Recorded information:
__________________________________________________
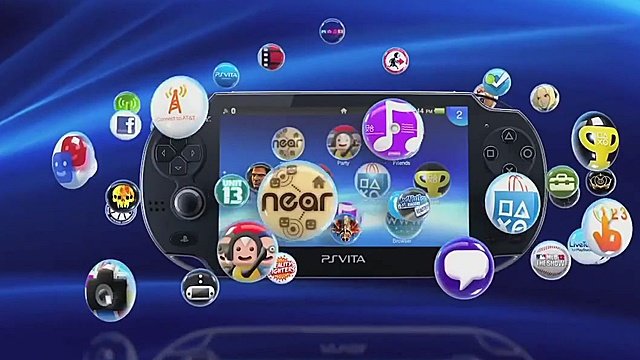 PS Vita - Trailer zur Firmware 2.0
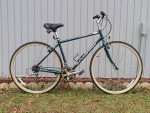 ((( SCHWINN Searcher HYBRID Comfort Bicycle)))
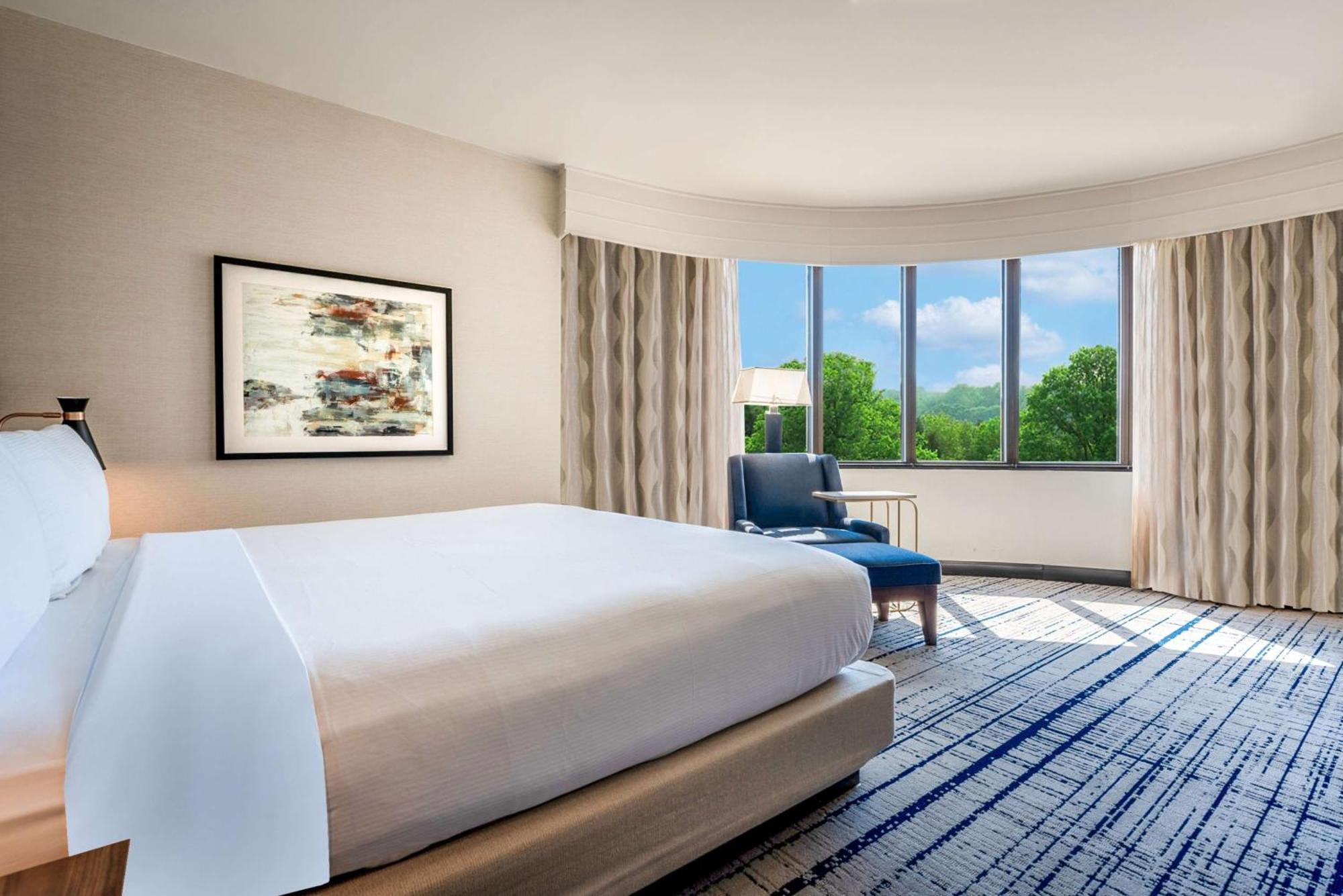 Doubletree By Hilton South Charlotte Tyvola Otel Dış mekan fotoğraf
__________________________________________________
Set down the material above exactly as it reads, but not its pictures.

Output of the exercise:
 PS Vita - Trailer zur Firmware 2.0
 ((( SCHWINN Searcher HYBRID Comfort Bicycle)))
 Doubletree By Hilton South Charlotte Tyvola Otel Dış mekan fotoğraf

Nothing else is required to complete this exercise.